◆ **Goal of the exercise**
Repeat the listing below verbatim, without its images.

◆ **Source material**
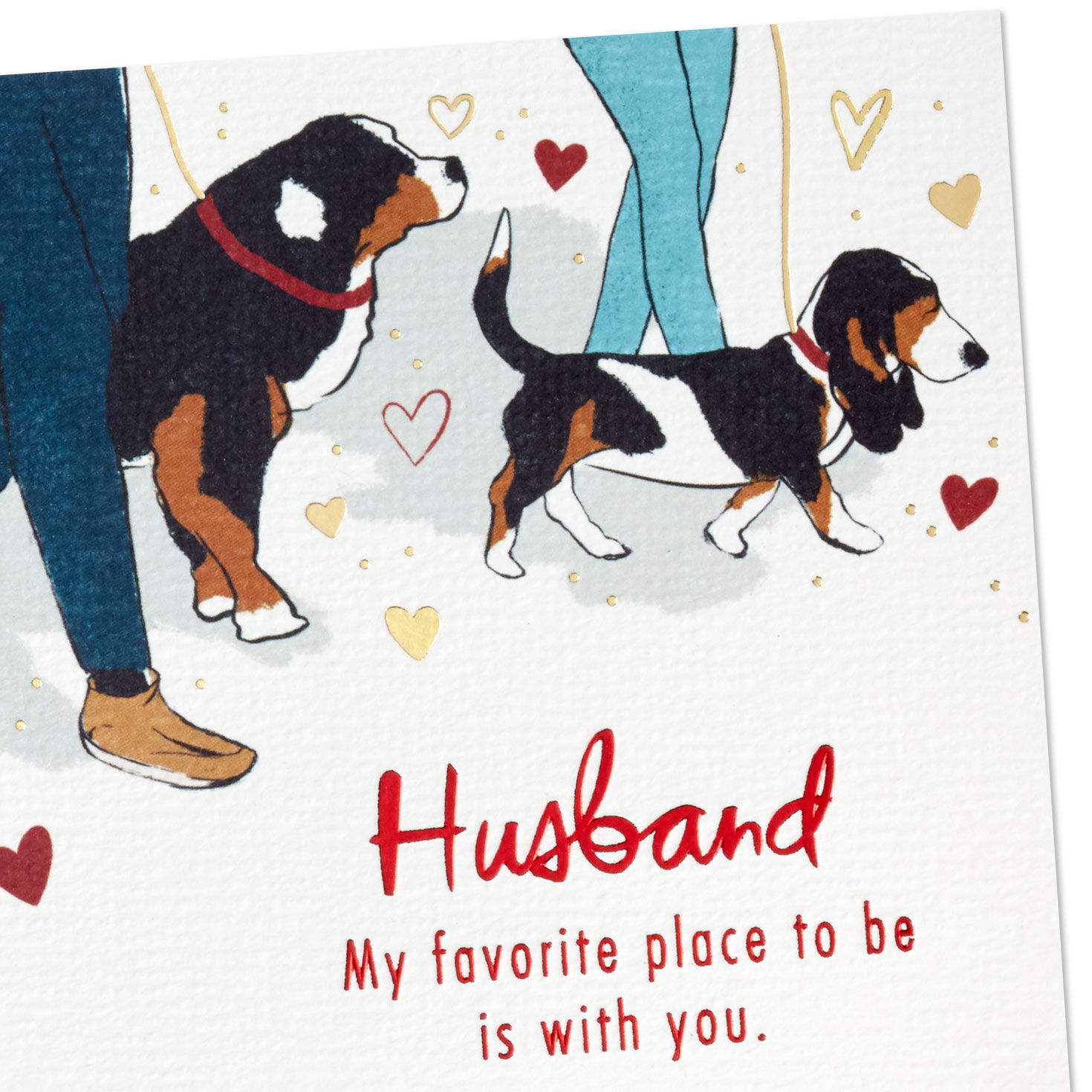 Couple Walking Dogs Valentines Day Card for Husband Cover Detail image number 4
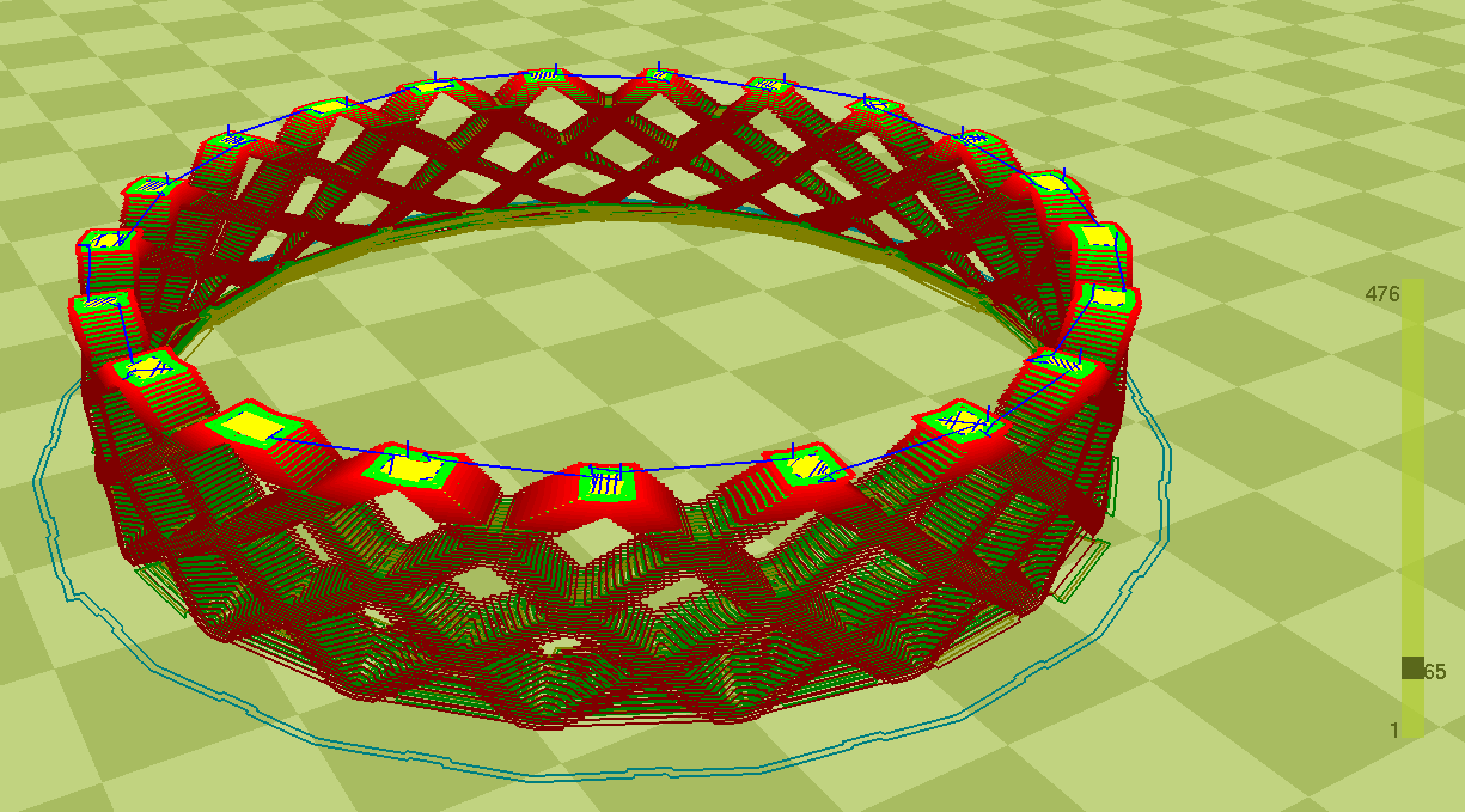The 1st-65th slice of the wireframe model 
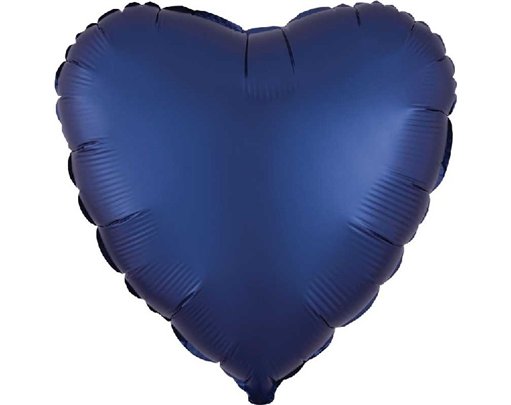 18in SATIN LUXE NAVY HEART FOIL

◆ **Task response**
 Couple Walking Dogs Valentines Day Card for Husband Cover Detail image number 4
The 1st-65th slice of the wireframe model 
 18in SATIN LUXE NAVY HEART FOIL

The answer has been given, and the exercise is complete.